Task directions –
Between the line containing "155 NW 30th" and the line containing "Tom Cruise pe" lies a run of lines; give that run again exactly, with both of those lines, and nothing else from the entries below.

[Information shown Boundary: Start]

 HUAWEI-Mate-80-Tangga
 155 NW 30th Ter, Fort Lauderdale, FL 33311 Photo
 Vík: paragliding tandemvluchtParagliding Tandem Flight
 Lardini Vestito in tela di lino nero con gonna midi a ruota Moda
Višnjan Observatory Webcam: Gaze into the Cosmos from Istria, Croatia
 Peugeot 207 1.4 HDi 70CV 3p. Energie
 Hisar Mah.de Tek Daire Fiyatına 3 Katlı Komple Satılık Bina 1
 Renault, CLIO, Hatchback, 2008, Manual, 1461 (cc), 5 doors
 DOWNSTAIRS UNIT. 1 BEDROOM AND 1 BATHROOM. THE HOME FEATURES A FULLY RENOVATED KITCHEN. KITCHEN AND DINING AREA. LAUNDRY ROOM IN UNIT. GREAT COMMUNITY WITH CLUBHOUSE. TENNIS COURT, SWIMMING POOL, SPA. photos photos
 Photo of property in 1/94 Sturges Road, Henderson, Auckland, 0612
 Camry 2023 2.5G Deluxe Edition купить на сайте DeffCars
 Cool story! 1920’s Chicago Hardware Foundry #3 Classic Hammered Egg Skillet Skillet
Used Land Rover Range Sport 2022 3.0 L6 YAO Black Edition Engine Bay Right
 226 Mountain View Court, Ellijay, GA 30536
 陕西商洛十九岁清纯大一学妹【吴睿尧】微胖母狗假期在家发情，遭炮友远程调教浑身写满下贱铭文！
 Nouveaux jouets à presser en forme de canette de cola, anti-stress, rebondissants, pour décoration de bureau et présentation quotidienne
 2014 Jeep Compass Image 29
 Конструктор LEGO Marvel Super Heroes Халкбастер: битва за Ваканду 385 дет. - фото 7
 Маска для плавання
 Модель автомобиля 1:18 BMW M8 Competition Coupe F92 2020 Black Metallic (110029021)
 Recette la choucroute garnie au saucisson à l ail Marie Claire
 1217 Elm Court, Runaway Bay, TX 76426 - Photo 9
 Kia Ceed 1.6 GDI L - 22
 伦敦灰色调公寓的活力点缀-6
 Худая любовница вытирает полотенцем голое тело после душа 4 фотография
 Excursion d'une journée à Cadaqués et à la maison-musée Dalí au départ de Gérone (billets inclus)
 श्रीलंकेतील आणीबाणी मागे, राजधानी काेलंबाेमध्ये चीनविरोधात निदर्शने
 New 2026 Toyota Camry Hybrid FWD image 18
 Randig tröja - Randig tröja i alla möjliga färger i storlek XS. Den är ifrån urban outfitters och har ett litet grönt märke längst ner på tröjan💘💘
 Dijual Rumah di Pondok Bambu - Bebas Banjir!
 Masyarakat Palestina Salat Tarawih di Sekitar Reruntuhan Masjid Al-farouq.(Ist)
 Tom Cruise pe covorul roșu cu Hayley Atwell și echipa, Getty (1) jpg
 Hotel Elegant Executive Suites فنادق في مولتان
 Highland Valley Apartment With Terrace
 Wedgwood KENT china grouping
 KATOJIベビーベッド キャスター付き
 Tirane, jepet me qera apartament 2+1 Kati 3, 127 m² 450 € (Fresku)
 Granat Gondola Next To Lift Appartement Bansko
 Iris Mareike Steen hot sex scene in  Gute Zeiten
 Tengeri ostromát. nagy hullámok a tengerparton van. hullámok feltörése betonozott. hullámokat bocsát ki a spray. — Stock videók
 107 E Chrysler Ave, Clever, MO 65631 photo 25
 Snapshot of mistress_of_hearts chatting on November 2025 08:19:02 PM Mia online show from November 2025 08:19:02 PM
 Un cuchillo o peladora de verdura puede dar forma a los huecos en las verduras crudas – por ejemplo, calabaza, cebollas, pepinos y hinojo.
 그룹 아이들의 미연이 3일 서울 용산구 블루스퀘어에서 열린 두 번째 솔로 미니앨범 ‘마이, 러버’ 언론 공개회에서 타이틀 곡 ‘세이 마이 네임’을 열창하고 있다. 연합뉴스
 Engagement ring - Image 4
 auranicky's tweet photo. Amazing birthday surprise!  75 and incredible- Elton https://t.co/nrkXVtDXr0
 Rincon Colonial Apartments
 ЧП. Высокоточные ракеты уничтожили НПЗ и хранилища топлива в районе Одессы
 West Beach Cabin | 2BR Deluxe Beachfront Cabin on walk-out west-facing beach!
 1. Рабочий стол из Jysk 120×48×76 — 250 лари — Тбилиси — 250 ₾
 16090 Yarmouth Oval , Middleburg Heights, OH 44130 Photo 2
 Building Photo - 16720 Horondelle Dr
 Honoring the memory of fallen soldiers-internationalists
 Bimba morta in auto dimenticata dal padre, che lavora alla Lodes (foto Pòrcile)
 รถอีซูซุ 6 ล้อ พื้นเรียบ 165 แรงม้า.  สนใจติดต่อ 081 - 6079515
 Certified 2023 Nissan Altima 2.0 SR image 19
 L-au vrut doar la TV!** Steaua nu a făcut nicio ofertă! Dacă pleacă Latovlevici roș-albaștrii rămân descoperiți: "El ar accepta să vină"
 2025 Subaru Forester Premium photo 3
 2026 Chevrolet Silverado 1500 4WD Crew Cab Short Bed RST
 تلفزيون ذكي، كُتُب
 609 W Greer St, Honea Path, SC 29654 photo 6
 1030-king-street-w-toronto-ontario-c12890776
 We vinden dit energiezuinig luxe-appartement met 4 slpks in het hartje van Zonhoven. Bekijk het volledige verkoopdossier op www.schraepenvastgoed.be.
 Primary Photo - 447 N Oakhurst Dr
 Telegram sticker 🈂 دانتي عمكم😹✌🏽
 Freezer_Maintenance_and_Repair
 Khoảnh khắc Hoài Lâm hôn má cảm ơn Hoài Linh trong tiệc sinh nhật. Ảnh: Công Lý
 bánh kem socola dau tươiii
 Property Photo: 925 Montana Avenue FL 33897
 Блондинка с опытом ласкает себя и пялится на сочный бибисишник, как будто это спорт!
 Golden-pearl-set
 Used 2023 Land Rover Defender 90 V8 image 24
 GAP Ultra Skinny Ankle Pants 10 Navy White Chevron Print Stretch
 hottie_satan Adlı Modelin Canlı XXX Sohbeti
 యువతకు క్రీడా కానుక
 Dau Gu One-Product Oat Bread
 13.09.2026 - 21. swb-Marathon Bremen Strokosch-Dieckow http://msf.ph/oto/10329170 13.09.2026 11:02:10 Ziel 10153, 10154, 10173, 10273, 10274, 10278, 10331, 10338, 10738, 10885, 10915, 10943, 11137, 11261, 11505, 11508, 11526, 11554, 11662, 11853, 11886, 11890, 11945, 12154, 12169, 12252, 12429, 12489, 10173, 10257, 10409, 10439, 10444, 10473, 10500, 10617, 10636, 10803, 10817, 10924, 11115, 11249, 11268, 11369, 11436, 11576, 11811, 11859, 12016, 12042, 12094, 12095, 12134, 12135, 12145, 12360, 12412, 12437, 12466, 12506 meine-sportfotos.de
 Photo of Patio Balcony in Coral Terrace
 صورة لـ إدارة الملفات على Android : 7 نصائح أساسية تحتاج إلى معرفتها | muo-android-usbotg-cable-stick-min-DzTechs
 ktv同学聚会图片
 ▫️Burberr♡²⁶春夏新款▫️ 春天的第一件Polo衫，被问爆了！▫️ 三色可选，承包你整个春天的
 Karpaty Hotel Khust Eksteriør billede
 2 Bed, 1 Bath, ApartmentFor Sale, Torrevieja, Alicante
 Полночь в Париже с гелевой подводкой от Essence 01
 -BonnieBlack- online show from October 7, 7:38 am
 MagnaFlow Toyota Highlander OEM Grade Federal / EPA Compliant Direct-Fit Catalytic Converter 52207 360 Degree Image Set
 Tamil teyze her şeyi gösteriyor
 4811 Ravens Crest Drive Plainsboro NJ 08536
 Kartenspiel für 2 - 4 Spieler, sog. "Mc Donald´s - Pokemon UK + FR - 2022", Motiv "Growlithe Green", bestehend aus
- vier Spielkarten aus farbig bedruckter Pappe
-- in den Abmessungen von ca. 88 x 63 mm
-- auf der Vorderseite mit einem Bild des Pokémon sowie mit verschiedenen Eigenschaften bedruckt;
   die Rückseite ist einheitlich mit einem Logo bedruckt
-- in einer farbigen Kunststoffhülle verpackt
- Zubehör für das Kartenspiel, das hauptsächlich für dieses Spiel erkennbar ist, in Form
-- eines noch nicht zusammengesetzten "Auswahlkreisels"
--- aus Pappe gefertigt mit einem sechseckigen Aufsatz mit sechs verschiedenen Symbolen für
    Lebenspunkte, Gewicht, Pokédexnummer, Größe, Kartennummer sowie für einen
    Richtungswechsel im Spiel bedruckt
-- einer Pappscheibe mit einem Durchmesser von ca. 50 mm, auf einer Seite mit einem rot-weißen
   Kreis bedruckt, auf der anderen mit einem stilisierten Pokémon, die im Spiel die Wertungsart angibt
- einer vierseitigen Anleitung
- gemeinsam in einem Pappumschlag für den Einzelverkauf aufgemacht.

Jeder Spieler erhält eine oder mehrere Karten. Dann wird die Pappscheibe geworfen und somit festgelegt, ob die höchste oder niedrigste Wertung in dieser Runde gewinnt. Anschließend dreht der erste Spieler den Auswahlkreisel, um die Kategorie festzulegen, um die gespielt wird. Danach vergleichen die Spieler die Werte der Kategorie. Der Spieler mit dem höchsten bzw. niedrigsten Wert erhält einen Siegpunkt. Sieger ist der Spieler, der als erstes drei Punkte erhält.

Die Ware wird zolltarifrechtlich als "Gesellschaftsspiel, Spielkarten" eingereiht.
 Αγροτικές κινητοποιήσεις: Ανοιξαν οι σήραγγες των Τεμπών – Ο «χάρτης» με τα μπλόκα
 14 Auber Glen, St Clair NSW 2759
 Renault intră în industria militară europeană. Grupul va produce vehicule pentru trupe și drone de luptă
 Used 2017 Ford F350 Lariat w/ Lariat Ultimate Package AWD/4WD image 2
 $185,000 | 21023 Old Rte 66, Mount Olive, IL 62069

[Information shown Boundary: End]

Exercise answer –
 155 NW 30th Ter, Fort Lauderdale, FL 33311 Photo
 Vík: paragliding tandemvluchtParagliding Tandem Flight
 Lardini Vestito in tela di lino nero con gonna midi a ruota Moda
Višnjan Observatory Webcam: Gaze into the Cosmos from Istria, Croatia
 Peugeot 207 1.4 HDi 70CV 3p. Energie
 Hisar Mah.de Tek Daire Fiyatına 3 Katlı Komple Satılık Bina 1
 Renault, CLIO, Hatchback, 2008, Manual, 1461 (cc), 5 doors
 DOWNSTAIRS UNIT. 1 BEDROOM AND 1 BATHROOM. THE HOME FEATURES A FULLY RENOVATED KITCHEN. KITCHEN AND DINING AREA. LAUNDRY ROOM IN UNIT. GREAT COMMUNITY WITH CLUBHOUSE. TENNIS COURT, SWIMMING POOL, SPA. photos photos
 Photo of property in 1/94 Sturges Road, Henderson, Auckland, 0612
 Camry 2023 2.5G Deluxe Edition купить на сайте DeffCars
 Cool story! 1920’s Chicago Hardware Foundry #3 Classic Hammered Egg Skillet Skillet
Used Land Rover Range Sport 2022 3.0 L6 YAO Black Edition Engine Bay Right
 226 Mountain View Court, Ellijay, GA 30536
 陕西商洛十九岁清纯大一学妹【吴睿尧】微胖母狗假期在家发情，遭炮友远程调教浑身写满下贱铭文！
 Nouveaux jouets à presser en forme de canette de cola, anti-stress, rebondissants, pour décoration de bureau et présentation quotidienne
 2014 Jeep Compass Image 29
 Конструктор LEGO Marvel Super Heroes Халкбастер: битва за Ваканду 385 дет. - фото 7
 Маска для плавання
 Модель автомобиля 1:18 BMW M8 Competition Coupe F92 2020 Black Metallic (110029021)
 Recette la choucroute garnie au saucisson à l ail Marie Claire
 1217 Elm Court, Runaway Bay, TX 76426 - Photo 9
 Kia Ceed 1.6 GDI L - 22
 伦敦灰色调公寓的活力点缀-6
 Худая любовница вытирает полотенцем голое тело после душа 4 фотография
 Excursion d'une journée à Cadaqués et à la maison-musée Dalí au départ de Gérone (billets inclus)
 श्रीलंकेतील आणीबाणी मागे, राजधानी काेलंबाेमध्ये चीनविरोधात निदर्शने
 New 2026 Toyota Camry Hybrid FWD image 18
 Randig tröja - Randig tröja i alla möjliga färger i storlek XS. Den är ifrån urban outfitters och har ett litet grönt märke längst ner på tröjan💘💘
 Dijual Rumah di Pondok Bambu - Bebas Banjir!
 Masyarakat Palestina Salat Tarawih di Sekitar Reruntuhan Masjid Al-farouq.(Ist)
 Tom Cruise pe covorul roșu cu Hayley Atwell și echipa, Getty (1) jpg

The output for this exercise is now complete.